▶ EXERCISE: The full listing is to be returned exactly as given, but without pictures.

Segment Start: DATASET CONTENT

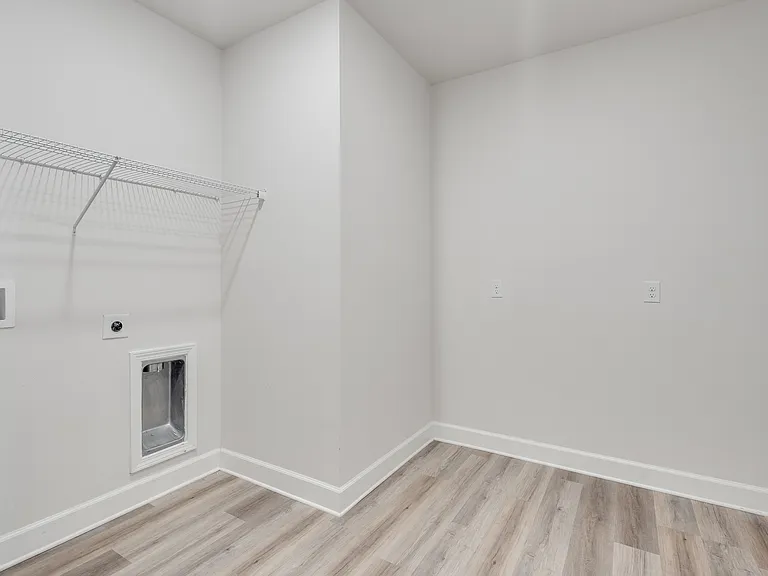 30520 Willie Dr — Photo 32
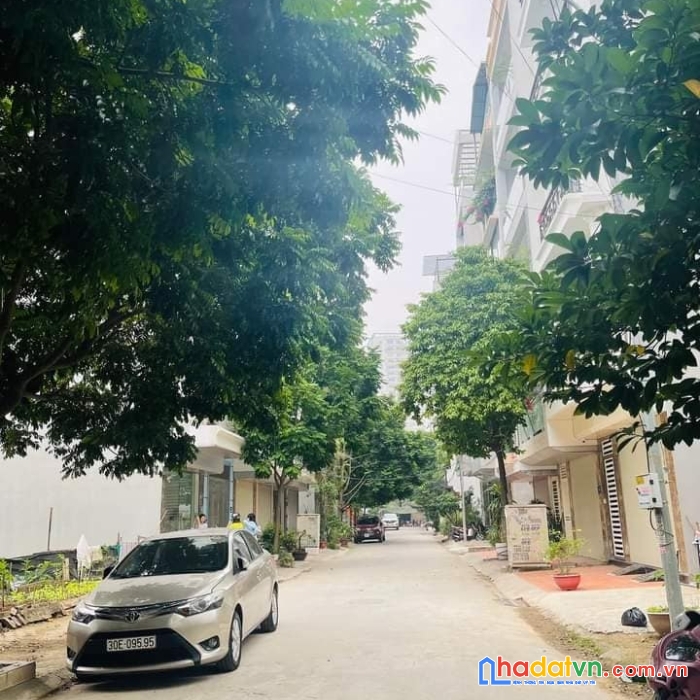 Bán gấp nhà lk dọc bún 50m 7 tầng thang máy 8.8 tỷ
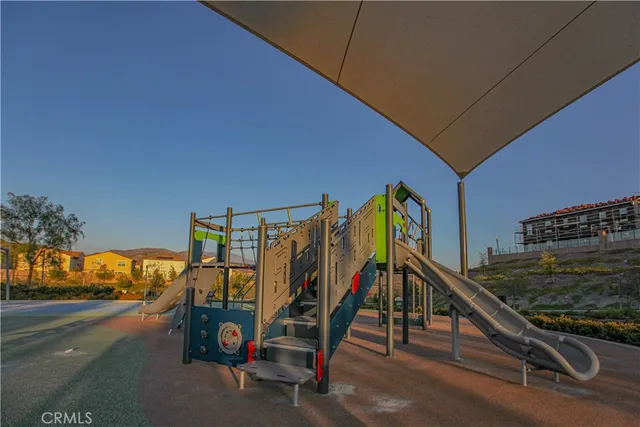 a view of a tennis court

Segment End: DATASET CONTENT

▶ THE ANSWER:
 30520 Willie Dr — Photo 32
 Bán gấp nhà lk dọc bún 50m 7 tầng thang máy 8.8 tỷ
 a view of a tennis court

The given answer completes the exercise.